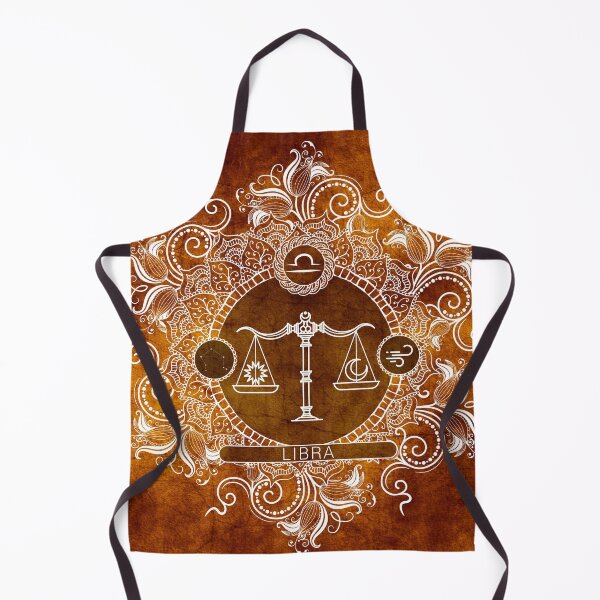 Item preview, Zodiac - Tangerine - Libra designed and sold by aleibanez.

==

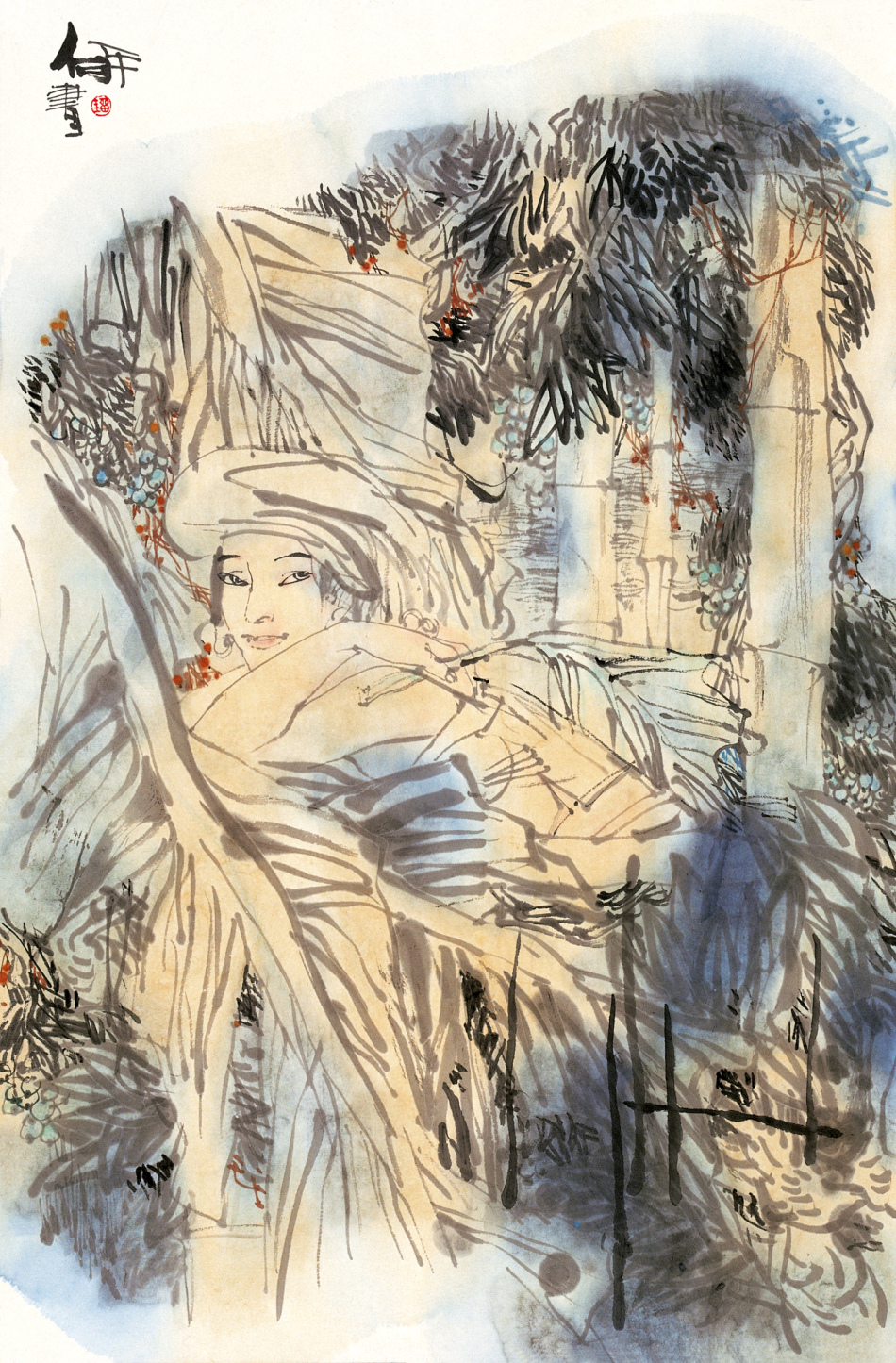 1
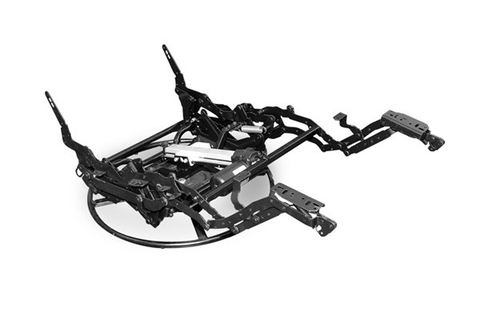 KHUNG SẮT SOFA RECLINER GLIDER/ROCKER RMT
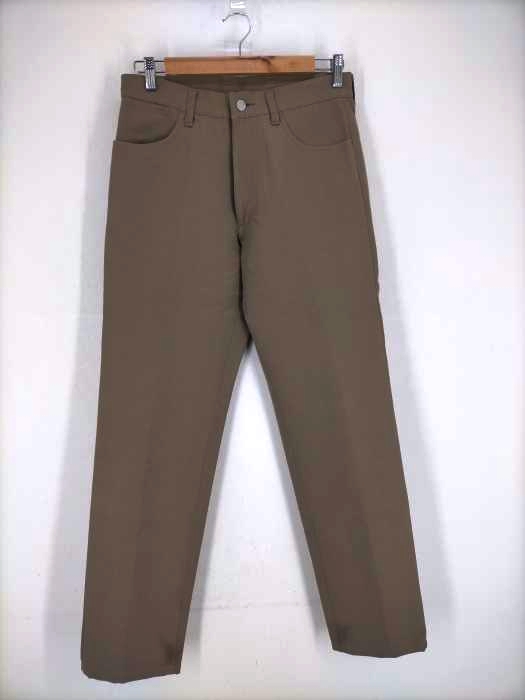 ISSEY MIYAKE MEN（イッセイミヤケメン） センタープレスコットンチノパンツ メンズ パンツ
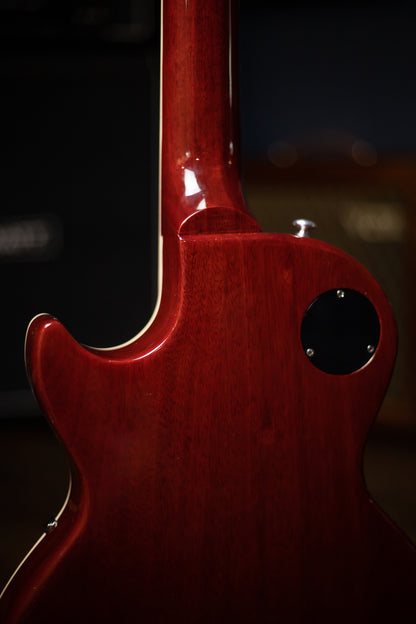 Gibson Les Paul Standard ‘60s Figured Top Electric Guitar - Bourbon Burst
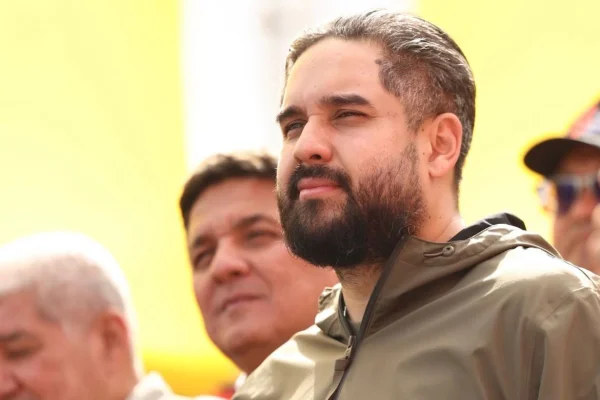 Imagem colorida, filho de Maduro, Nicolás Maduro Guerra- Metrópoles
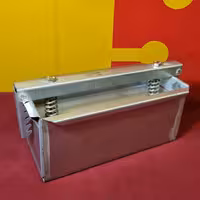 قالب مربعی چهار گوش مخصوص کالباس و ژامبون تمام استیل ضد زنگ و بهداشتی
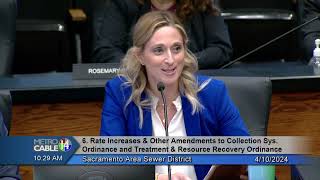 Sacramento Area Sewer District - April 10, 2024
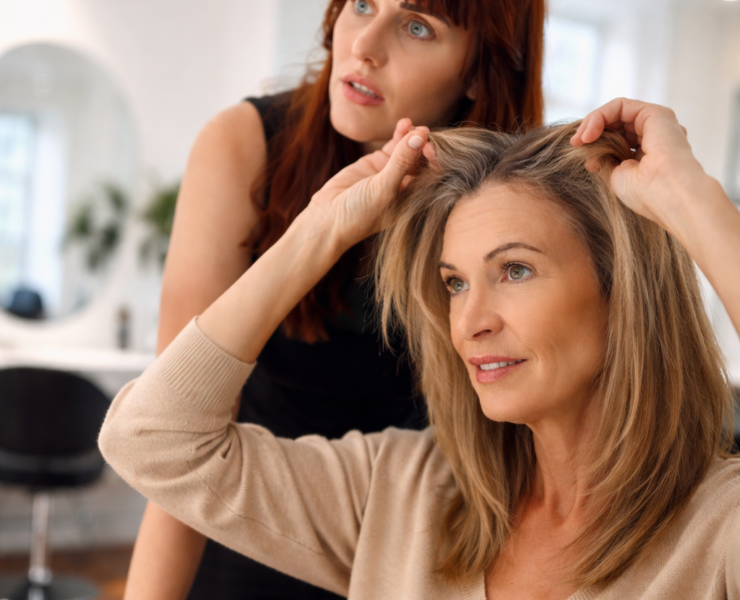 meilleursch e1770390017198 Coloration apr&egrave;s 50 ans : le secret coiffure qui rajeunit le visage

- **Work to complete**: In the records above, everything from the line with "KHUNG SẮT SOFA RECLINER GLIDER/ROCKER RMT" down to the line with "meilleursch e1770390017198 Coloration" must be duplicated exactly, both lines kept. Leave no pictures in.

- **Response**:
 KHUNG SẮT SOFA RECLINER GLIDER/ROCKER RMT
 ISSEY MIYAKE MEN（イッセイミヤケメン） センタープレスコットンチノパンツ メンズ パンツ
 Gibson Les Paul Standard ‘60s Figured Top Electric Guitar - Bourbon Burst
 Imagem colorida, filho de Maduro, Nicolás Maduro Guerra- Metrópoles
 قالب مربعی چهار گوش مخصوص کالباس و ژامبون تمام استیل ضد زنگ و بهداشتی
 Sacramento Area Sewer District - April 10, 2024
 meilleursch e1770390017198 Coloration apr&egrave;s 50 ans : le secret coiffure qui rajeunit le visage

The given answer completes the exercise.